Exercise brief
Below are the records; give the number of lines in them that include the word "earrings", and nothing more.

━━ Exercise inputs

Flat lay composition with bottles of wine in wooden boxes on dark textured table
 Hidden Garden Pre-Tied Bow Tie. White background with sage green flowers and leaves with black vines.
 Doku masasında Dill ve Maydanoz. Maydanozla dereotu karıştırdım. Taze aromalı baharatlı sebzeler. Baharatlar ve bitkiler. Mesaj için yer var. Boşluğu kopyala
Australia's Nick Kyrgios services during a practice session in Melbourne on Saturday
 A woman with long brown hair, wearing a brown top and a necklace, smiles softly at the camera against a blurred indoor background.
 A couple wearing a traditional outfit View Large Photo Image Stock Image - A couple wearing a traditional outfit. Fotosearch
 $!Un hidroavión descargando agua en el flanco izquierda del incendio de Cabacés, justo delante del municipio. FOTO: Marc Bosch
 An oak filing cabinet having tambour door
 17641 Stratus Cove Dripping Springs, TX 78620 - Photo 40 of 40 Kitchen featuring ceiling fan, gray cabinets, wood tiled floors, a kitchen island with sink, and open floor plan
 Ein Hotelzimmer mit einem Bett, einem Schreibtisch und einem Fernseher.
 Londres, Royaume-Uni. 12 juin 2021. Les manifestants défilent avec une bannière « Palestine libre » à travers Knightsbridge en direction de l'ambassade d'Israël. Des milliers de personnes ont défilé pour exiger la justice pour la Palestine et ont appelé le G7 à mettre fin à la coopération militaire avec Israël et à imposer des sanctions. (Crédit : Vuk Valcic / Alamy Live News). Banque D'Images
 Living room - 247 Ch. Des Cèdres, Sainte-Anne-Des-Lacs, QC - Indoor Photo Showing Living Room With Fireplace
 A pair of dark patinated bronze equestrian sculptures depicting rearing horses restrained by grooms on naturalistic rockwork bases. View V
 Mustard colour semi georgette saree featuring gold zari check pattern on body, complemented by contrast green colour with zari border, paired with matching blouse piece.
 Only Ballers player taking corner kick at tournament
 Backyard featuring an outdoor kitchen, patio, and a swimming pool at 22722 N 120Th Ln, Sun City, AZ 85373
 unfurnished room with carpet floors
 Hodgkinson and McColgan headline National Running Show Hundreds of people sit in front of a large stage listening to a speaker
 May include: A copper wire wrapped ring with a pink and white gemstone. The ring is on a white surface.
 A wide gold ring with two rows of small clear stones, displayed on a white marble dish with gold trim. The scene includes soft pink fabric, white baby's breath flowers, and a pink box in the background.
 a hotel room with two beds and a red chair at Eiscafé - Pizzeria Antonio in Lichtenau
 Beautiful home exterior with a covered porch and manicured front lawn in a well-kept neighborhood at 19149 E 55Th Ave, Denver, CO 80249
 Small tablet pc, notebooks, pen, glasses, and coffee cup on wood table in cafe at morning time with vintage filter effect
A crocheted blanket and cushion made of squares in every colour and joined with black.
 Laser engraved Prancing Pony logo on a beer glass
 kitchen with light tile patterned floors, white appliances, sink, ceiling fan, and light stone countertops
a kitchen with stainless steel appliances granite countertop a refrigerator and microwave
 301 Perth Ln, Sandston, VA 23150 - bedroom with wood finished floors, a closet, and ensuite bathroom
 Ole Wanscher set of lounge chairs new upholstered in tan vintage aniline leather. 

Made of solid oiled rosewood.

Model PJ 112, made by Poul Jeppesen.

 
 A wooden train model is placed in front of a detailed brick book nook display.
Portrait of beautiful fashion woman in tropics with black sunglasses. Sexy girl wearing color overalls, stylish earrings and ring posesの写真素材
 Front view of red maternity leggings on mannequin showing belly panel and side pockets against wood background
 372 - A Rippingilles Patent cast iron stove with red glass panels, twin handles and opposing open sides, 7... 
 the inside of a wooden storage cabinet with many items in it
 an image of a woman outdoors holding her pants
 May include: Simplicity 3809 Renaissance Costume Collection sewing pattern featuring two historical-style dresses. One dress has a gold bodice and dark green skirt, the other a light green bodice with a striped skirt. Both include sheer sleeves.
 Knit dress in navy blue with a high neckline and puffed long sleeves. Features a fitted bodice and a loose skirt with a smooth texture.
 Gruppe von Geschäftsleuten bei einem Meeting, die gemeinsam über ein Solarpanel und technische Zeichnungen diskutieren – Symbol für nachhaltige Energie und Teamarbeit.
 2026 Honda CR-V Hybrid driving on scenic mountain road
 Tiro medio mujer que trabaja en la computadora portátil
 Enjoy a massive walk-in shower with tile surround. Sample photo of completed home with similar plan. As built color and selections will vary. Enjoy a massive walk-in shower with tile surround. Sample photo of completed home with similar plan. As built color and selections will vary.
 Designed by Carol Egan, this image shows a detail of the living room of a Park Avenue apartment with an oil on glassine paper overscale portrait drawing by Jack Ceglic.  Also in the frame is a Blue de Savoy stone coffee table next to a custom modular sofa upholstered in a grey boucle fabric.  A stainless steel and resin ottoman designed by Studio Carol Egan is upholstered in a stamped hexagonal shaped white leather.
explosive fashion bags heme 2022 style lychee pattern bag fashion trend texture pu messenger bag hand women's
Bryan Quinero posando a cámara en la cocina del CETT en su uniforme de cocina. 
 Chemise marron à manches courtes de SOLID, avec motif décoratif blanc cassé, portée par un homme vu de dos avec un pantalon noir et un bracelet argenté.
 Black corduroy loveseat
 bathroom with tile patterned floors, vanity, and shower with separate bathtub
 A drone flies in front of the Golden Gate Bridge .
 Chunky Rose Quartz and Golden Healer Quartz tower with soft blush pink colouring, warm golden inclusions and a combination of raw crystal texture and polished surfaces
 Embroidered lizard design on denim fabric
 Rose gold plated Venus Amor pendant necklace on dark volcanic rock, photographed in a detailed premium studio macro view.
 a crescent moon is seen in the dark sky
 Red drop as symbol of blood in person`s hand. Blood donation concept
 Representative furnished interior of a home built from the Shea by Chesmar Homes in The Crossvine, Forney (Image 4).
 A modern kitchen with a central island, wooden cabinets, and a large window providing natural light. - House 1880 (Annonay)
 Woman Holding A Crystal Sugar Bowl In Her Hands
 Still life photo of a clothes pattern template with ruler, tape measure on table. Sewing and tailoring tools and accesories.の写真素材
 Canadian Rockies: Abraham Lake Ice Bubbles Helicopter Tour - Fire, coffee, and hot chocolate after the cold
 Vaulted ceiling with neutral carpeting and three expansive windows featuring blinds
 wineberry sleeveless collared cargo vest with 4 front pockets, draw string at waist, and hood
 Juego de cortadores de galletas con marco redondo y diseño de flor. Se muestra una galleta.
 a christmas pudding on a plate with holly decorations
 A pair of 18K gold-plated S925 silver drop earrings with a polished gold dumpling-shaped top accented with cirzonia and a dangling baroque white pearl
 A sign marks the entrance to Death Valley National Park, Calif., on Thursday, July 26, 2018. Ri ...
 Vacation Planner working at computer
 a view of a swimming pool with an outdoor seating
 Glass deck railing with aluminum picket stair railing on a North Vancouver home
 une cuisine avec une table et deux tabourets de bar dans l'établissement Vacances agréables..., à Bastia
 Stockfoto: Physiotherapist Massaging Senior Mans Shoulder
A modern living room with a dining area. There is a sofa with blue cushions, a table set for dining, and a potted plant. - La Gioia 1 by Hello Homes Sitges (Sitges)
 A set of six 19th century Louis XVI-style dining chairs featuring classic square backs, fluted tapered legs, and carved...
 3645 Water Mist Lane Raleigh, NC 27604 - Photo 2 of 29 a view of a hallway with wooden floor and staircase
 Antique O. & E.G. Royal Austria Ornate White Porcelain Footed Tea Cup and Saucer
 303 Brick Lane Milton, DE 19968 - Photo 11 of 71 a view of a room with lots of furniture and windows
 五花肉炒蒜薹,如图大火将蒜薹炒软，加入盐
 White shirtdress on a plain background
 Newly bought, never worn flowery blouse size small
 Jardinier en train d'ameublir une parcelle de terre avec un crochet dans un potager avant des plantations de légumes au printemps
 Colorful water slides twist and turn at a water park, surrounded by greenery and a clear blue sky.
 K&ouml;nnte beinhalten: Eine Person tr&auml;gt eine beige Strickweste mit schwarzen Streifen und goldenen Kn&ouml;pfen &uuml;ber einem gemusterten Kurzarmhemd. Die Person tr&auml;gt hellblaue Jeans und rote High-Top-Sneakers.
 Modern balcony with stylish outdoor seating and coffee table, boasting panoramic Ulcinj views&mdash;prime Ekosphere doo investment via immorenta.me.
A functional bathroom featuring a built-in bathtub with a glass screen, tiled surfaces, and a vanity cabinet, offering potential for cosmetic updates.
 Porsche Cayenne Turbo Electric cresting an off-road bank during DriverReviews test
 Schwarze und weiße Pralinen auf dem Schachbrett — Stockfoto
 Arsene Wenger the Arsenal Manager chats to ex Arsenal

━━━━

Your solution
2